Lanier appeared before a D.C. Council committee investigating the use of police escorts for celebrities, moving to quell an issue that gained unflattering attention after actor Charlie Sheen received a high-speed escort from Dulles International Airport to a performance two months ago and posted excitedly about it on Twitter. Since then, some police officials have criticized the chief for refusing to acknowledge that escorts are commonly made available upon request for celebrities and other non-dignitaries.
Lanier said her department has identified 17 celebrities, including Justin Timberlake and Christina Aguilera, who have been escorted by police in the last decade. She said dozens of other escorts — including to college and professional sports teams and their owners, Santa Claus and the Cherry Blossom Princess — have been granted during the same time. She said many other public figures, including Jon Stewart and Fran Drescher, have been turned down, either because there was insufficient manpower or no legitimate reason to do it.
Lanier said that while it violated policy to provide Sheen with a speeding police car, sirens blaring, it was impossible to craft a policy unequivocally barring police from escorting an entertainer or other non-dignitary. She cited as an example a Britney Spears concert on the National Mall that she said federal authorities deemed a national security special event, and an Indian wedding that took place on public streets and required a police escort because of the presence of an elephant.
"You can’t say there should never be a celebrity escort," Lanier said. "In police work, you can’t have a policy that lays out every single possible event. You have to have some flexibility."
Councilmember Phil Mendelson said the hearing was intended to clarify when celebrities are granted escorts and to firmly establish departmental policy. Mendelson chairs the public safety committee and called for the hearing after The Associated Press reported last month that celebrities including Bill Gates, Jay-Z and John Wall of the Washington Wizards were among the non-dignitaries who had received police escorts in the last two years. He said he was reluctant to introduce legislation on the topic, and Lanier said the department was working to clarify the policy.
The escorts are generally arranged by the Special Operations Division. The city is reimbursed by the entertainer or his or production company or associates.
Kristopher Baumann, the chairman of the police officers’ union, blasted police department managers for not defending the officers involved in the Sheen escort. He said Lanier misspoke when she said the ride was a rarity and that the department doesn’t escort celebrities.
"The effect of that is just poisoning the police department," Baumann said. "If you do your job, if you follow the department’s policies and procedures and those policies and procedures are wrong and embarrassing, the idea that you’re going to be the one suffering the consequences ... you can’t work that way."
During Sheen’s escort to DAR Constitution Hall, he posted a photograph showing a speedometer registering about 80 mph and wrote, "In car with Police escort in front and rear! Driving like someone’s about to deliver a baby! Cop car lights (hash)Spinning!"
A representative for Sheen’s production company called police the day of the show and requested an escort in anticipation that Sheen would be running late.

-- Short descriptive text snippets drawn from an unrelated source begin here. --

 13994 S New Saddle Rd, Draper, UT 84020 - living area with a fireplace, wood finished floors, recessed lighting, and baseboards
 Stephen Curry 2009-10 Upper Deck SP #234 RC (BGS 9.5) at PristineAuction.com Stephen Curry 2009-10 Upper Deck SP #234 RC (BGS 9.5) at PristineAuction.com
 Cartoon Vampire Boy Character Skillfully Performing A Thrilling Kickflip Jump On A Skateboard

The escort was handled by officers who were off-duty and the ride was reimbursed at a cost of roughly $445, police said. The lieutenant who approved it, Stuart Emerman, testified Thursday that he permitted the escort because it was "common practice." He has since been transferred from the division along with a captain.

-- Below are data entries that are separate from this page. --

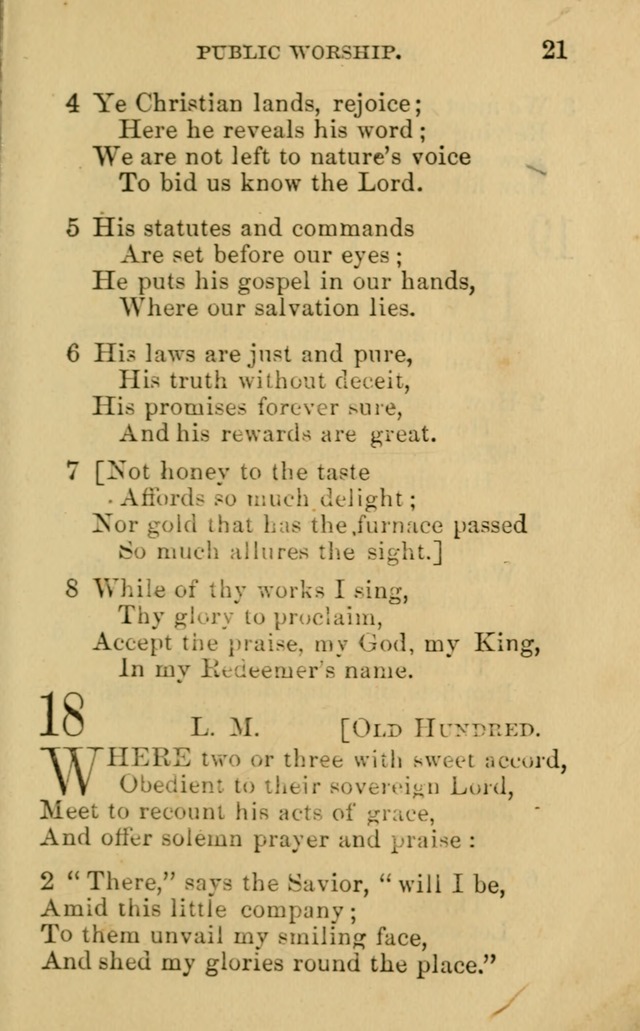 A Collection of Psalms, Hymns, and Spiritual Songs: suited to the various occasions of public worship and private devotion, of the church of Christ (6th ed.) page 21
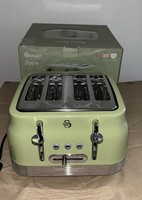 SMALL DENT Swan Retro Revive Green 4Slice Toaster Retro Design Chrome ST19029GRN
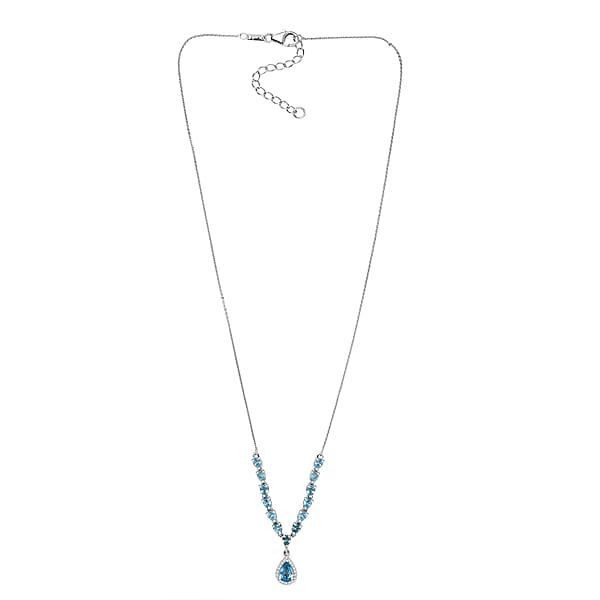 D'Joy Premium Cambodian Blue Zircon And Moissanite 4.50 Ctw Dynasty Drip Necklace In Rhodium Over Sterling Silver 18 Inches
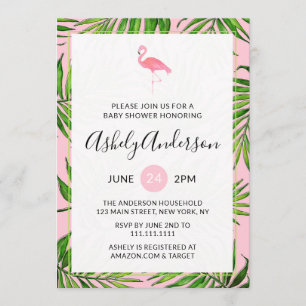 Flamant rose Palm Feuilles Baby shower Carte d'inv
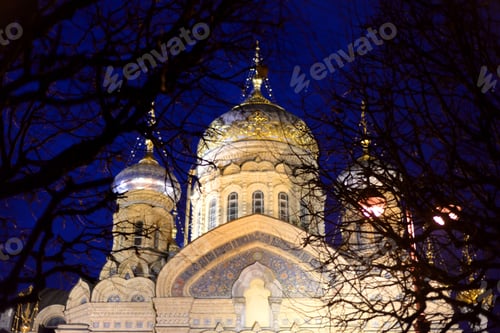 Preview: Church Of The Assumption Of The Blessed Virgin Mary At Night In St.Petersburg, Russia. Slight Noise.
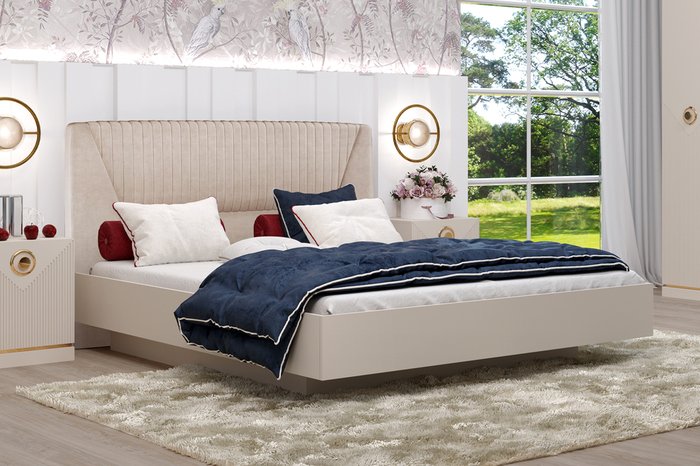 Кровать Капри-11 180х200 бежевого цвета с подъёмным механизмом - лучшие Кровати для спальни в INMYROOM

Lanier has said the transfers had nothing to do with the Sheen escort, and Hilton Burton, commander of the division, said he was told by an assistant chief to tell reporters that the transfers were "completely unrelated" to the investigation. Burton expressed skepticism and said his officers were being targeted based on "flawed and erroneous information" from department leadership.
"I continue to see no rational reason for removing two experienced officials from the planning unit during the busiest time of the year for major events in the city," Burton said.
He said numerous celebrities, including Billy Joel, Paul McCartney and Hilary Duff were given escorts when Lanier was commander of the special operations division. Lanier after the hearing denied approving the celebrity escorts.
The escorts were also criticized by the Partnership for Civil Justice Fund, a nonprofit police watchdog. Legal director, Carl Messineo, blamed the department for a lack of clarity.
"It is as if the command staff view themselves as privileged to dispense escort services regardless of policy or public interest. Perhaps the command staff want to be a part of the celebrity entourage or have their photo snapped with (celebrities) when the opportunity arises," Messineo said in his prepared remarks.